Addis Ababa murder accused, Kristofina Amutenya, was on Wednesday freed after the state provisionally withdrew charges against the former spouse of a diplomat.
The charges were withdrawn in the Windhoek Magistrate’s Court after Magistrate Alweendo Venatius was informed in a letter from the Office of the Government Attorney that the withdrawal had been agreed with Amutenya’s lawyer, Kadhila Amoomo.
Amoomo challenged the Namibian authorities’ decision to arrest and charge Amutenya with two counts of murder, and one of attempted murder upon her arrival from Addis Ababa.
Amoomo claimed that she (Amutenya) was not presented with any documents or notices explaining her deportation from Ethiopia, adding that there are processes that need to be followed and documents to be prepared that would motivate the extradition, which none where presented to his client.
Amoomo said the case now depends on the Prosecutor General, who will decide whether the case will continue. On whether the case will still be continued, Amoomo added that it depends on the Prosecutor General. Amutenya (34) who is accused of killing her children, Jenay (9), and Jane (3), by strangling them in Addis Ababa, Ethiopia, on 13 December, 2020, was freed after her Amoomo challenged the decision to detain and prosecute her in Namibia.
She is further accused of attempting to murder her nine-year-old stepson who survived the ordeal before she tried committing suicide.
Deputy Prime Minister and International Relations Minister, Netumbo Nandi-Ndaitwah, speaking in Parliament on Wednesday said the case involving Amutenya is a complicated issue.
“All statements were handed over to the Namibian Police who have then taken charge of the person at the airport but we were informed as the Ministry that the charges are withdrawn and that’s where I leave the case when I say it is complicated,” said Nandi-Ndatwah
She further added that the Ministry of International Relations had done its part by bringing Amutenya back to Namibia, but it is unfortunate that this was the outcome adding that the Namibian law should take its course.

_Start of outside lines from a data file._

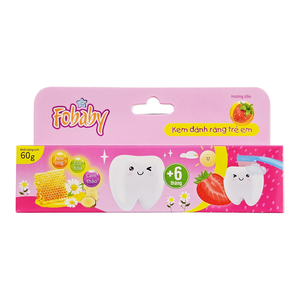 Pasta de dientes para niños Nueva 6 meses para niños bebé a niños fresa 50g para uso doméstico limpieza química básica FO'U - Product Image 3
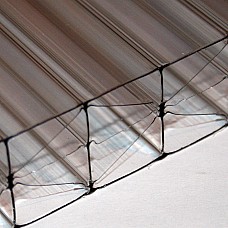 1500mm x 1050mm x 25mm Polycarbonate Five-Wall Multi-Wall Clear Roofing Sheet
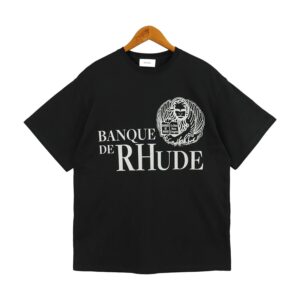 rhude graphic t shirt multicolor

“MIRCO’s responsibility is to make the consultations and was working with the Minister of Foreign Affairs of the receiving state and a Namibian was finally under the escort of the receiving state police,” said Nandi-Ndaitwah
Amutenya was never tried or charged for the murders in Ethiopia due to her diplomatic immunity but, however, was brought back to Namibia by the Ethiopian government and arrested by the Namibian Police upon arrival on Monday.
It is alleged that after committing the crime, Amutenya ran to the neighbours and informed them that her husband had been abusing the family. The husband was reportedly detained based on the allegations, but was released when the surviving child told Ethiopian authorities that it was Amutenya who had committed the killings.
Amutenya was married to diplomat, Petrus Haufiku, who was attached to the Permanent Mission of the Republic of Namibia in Addis Ababa, Ethiopia. The two married in 2010 before divorcing in 2020.